Now, it has to be admitted that battles are not of this
type, but it does, I think, give us a way in to considering the next thing,
which is a philosophical item, arising from what is called modal logic.
Consider an action, and the whole range of possible
outcomes, suppose the action is firing a shell from a tank gun. Now, there is a
range of possible outcomes to that action – say we hit the target, or miss by 5
meters or the shell bounces off the target. For each outcome, there is a
possible world. In one world, the target has a hole in it, in another the shell
has left a crater 5 meters away and so on. Each of these is a possible outcome,
and so, by analogy with the grand canonical ensemble, we have an ensemble of
possible worlds.
Now, to some extent, we can calculate the probability of the
outcomes, of each individual possible world, at least in principle. We might make
our gunners fire 100 shells, and find that they hit the target with 25, miss by
5 m with 25, by 10 m with 25 and by 20 m with 25. Pretty poos shooting, you
might think, but I said I would try to keep the maths simple.
So we can say that in a quarter of our possible worlds the
target has been hit. Of course, the complications then start: how badly has it
been hit? Do we have a mission kill or simply a glancing shot and so on. We can
add probabilities, and hence possible worlds to this, but I’m sure you can spot
the difficulty into which we are madly rushing.
The possible worlds which we are considering are not only
multiplying at an alarming rate, but they are also becoming conditional on some
previous possible world being the case. So if we have a 25 per cent chance of
hitting the target, we then have a (say) 25 per cent chance of disabling it, we
have a 12.5 per cent chance of landing up in a mission kill final possible
world.
Now, while this is fairly all right to consider as a single event,
even though for a single event the contingency is starting to get on top of us,
as the number of possible worlds multiply, we do, inevitably, have another
problem.
My manifold of possible worlds currently relate to a single
instance of a shell being fired. I do not know that statistics, but my
understanding of a tank battle is that several hundred, or thousand, or even
more, tank shells would be fired. Clearly, the manifold of possible world
outcomes becomes too difficult to handle in any realistic sense. The complexity
and inter-relatedness of our possible worlds is going to cripple any attempt to
treat in a sensible way.
For example, in one possible world tank A may fire at tank B
and miss, and then tank B fires at tank C and hits. But if tank A had actually
hit and disabled tank B, tank B would not be available to take its pot shot at
C. Our possible worlds are not only running wild, but tripping over each other.

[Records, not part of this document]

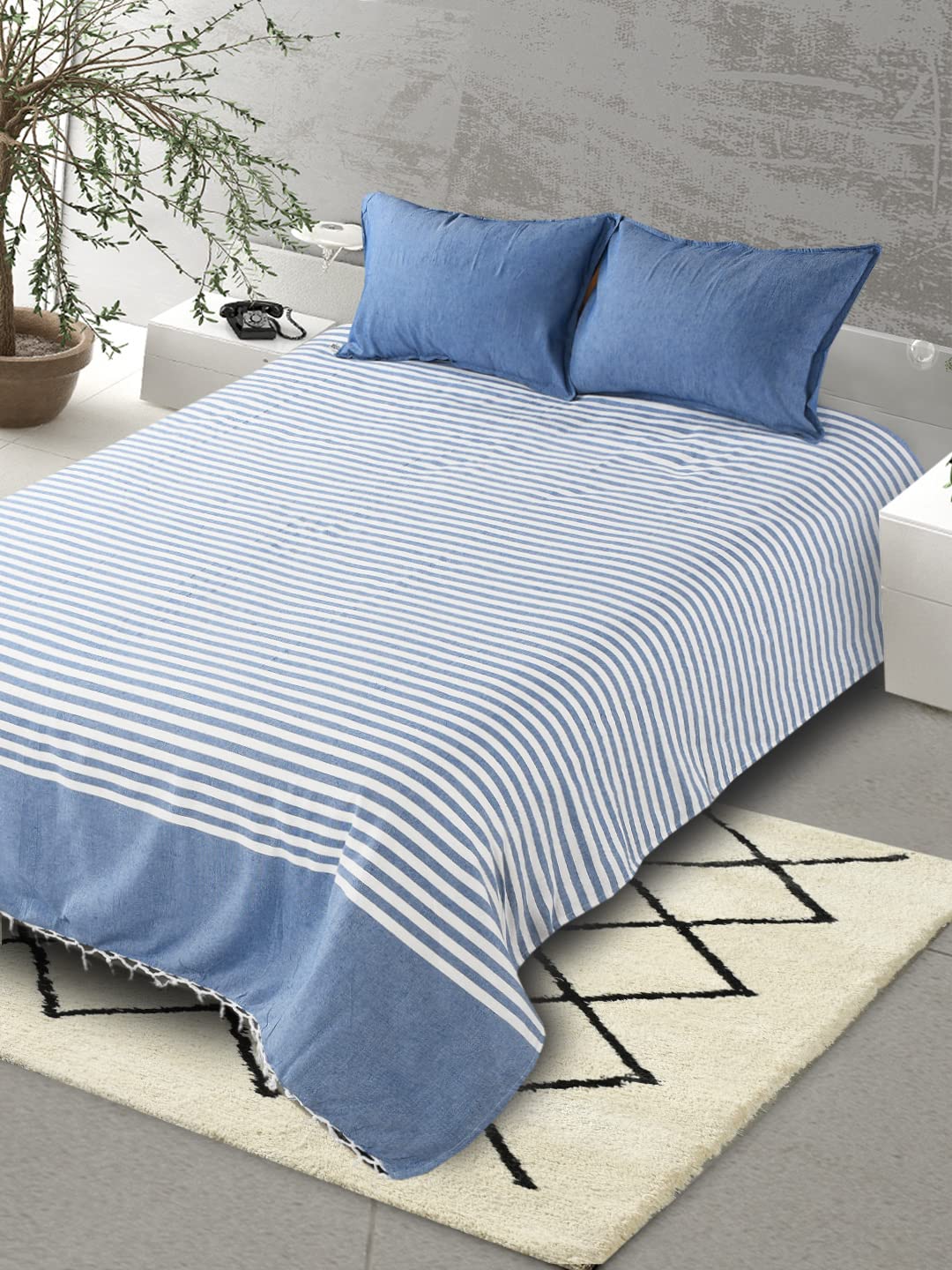 Saral Home Cotton Striped King Size Bedsheet With 2 Pillow Covers (Blue,100X108150 Tc)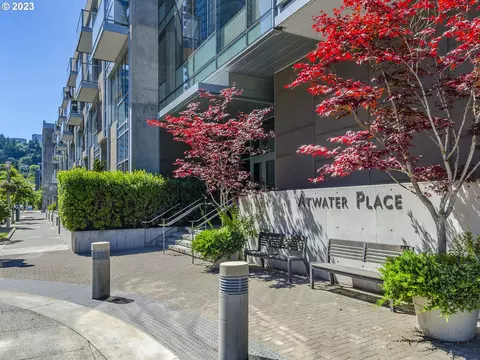 841 S Gaines St #1208, Portland, OR 97239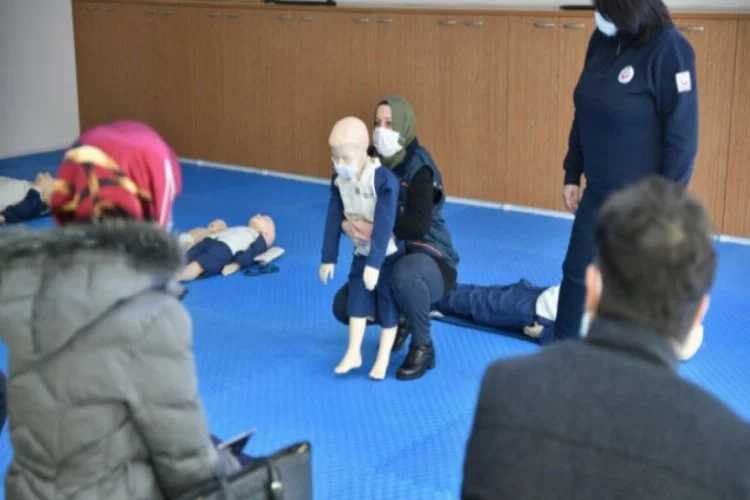 Bursa Büyükşehir Belediye personeline afet eğitimi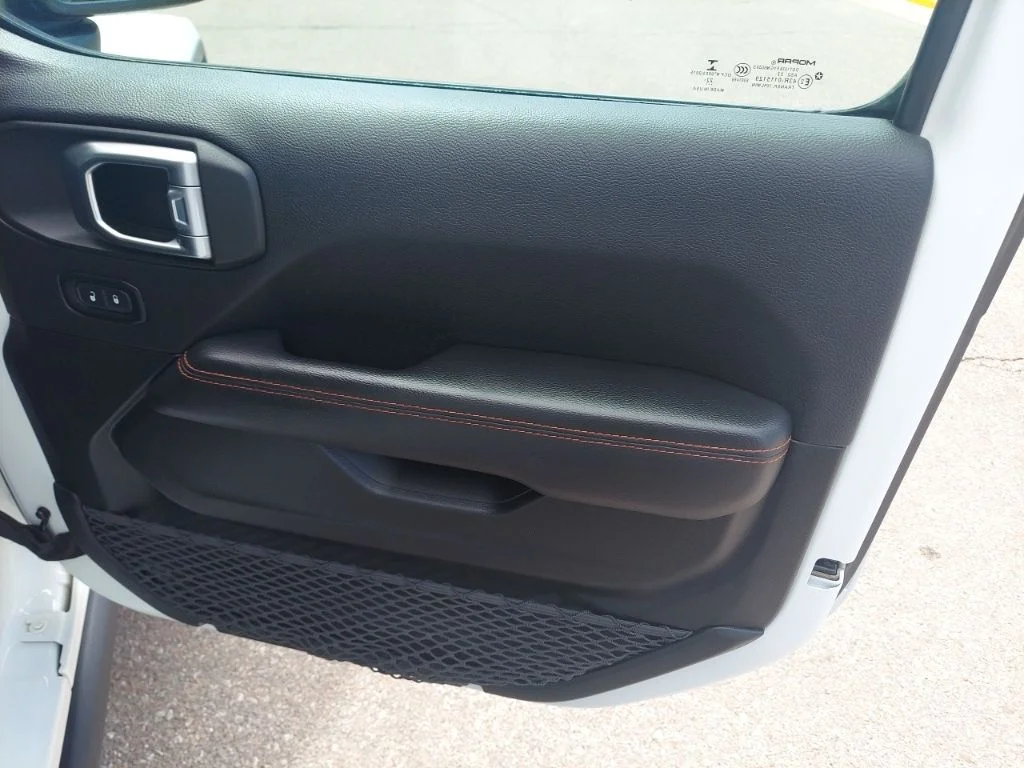 Used 2023 White Jeep Mojave image 37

Clearly, while this sort of probabilistic approach is very
tempting to the wargamer, the sheer complexity of the outcomes, in even a
simple scenario, becomes overwhelming. Once we start to try to account for crew
training, fatigue and so on it becomes impossibly complex, particularly as we
can, in fact, only guess at the relevant probabilities.
So, aside from despairing and going fishing instead of
wargaming, what can we do? I think this is where we deploy our secret weapon,
abstraction. We cannot trace the probability of each shell in a battle, but we
can look at the overall results and, as it were, work from the top (the
outcome) down to some sort of probability of a given action.
But it is only ever an abstraction, I think. I cannot see that it provides any particular
insight into the detail of what has happened, only into the outcome as opposed
to other outcomes. That is, our need to abstract means that any insight accrued
is limited by the abstraction itself. A wargame is only ever going to give a
highly granular insight into why stuff happened.
Hi,
ReplyDeleteI could not agree more that starting from overall results and stepping down, in a way guessing partial input of factors, is a good way to go.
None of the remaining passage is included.